While trying to recover from COVID at the end of the fall quarter of 2023, Hsiao was forced to choose between taking a final or taking an incomplete for a class. UCLA requires a minimum isolation period of five days — although longer than CDC minimums, this is shorter than what scientific research shows for the typical contagious period of COVID-19. Despite living in on-campus housing, Hsiao was not provided with UCLA’s limited isolation housing, which meant they were forced to put their suitemates at risk of contracting COVID. Additionally, people in isolation housing no longer get food delivered to them. Because UCLA removed the resources allowing dining hall takeout or delivery, Hsiao could not get food without “posing a danger to other people.” It was even more difficult for Hsiao to access care without UCSHIP.
Their situation is by no means unique but is indicative of the failure of UCLA’s COVID policies. Hsiao believes “it is important to protect everyone we can,” and this is not possible when the needs of disabled, high-risk, and immunocompromised people (and the general population) are ignored.
“All of the incredible work that Gwen has done to carry this initiative forward from its inception to its implementation is so vitally, vitally needed by our community,” Esquivel Gopar, Hill’s supervisor at the LGBTQ+ CRC, said. “Society is moving on from prioritizing the safety and the well-being and the public health of our communities — specifically, communities that are multiply disenfranchised and impacted by larger public health issues, whether it be COVID, whether it be RSV, whether it be, you know, the HIV/AIDS pandemic.”
The queer and trans community knows what it is like to be left behind, disabled, and ostracized by society, especially because of healthcare policy failures. Paralleling the HIV/AIDS pandemic, COVID and HIV both damage T cells and the immune system as a whole. The LGBTQ+ CRC consistently stocks high-quality masks and safe sex supplies and is one of the distribution sites for the Health Promotional Initiative. As Stubblefield stated, it is important to prevent death rather than be motivated after already having lost more lives.
Despite our federal, state, and local governments’ silence on COVID, the pandemic is ongoing. Students continue to be immunocompromised and turn to university support because they are neglected elsewhere. “Ignoring it doesn’t make it disappear,” Hill said. The Initiative needs community engagement and support to prevent its termination at the end of June.

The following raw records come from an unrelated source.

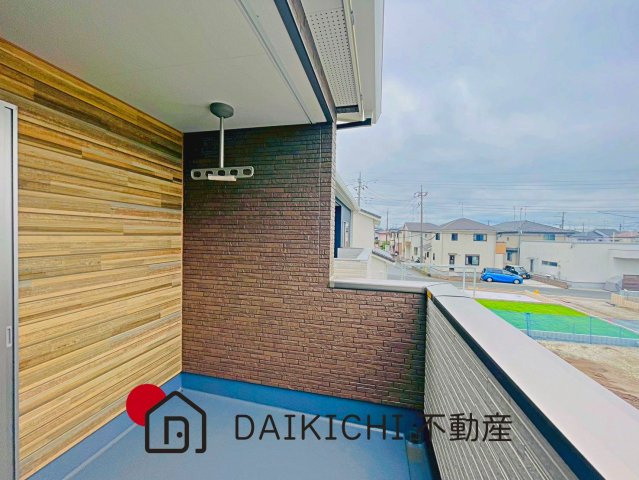 【バルコニー】 | ワイウッドコート羽生市須影第1期　新築戸建　全5棟　3号棟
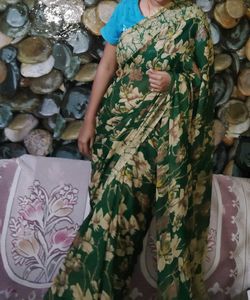 Floral Print Saree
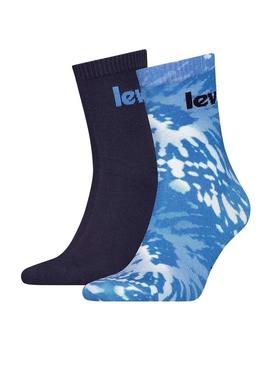 Pack 2 Maias Levis Tie Dye Azuis Unissex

“Her leadership is a catalyst for positive change,” Stubblefield said. By fighting for the prioritization of public health on campus, Hill has turned her frustration into action.
“It’s a lot more about profit [to the university and state] and whether or not you can push out productivity than whether or not you just deserve to live,” said Hill. “We, the people, are not disposable. You and your communities are not disposable.”
Credits:
Author: Ember Ireland (They/Xe)
Artist: Ember Ireland (They/Xe)
Copy Editors: Dalia Villalobos Jimenez (She/Her), Bella (She/Her)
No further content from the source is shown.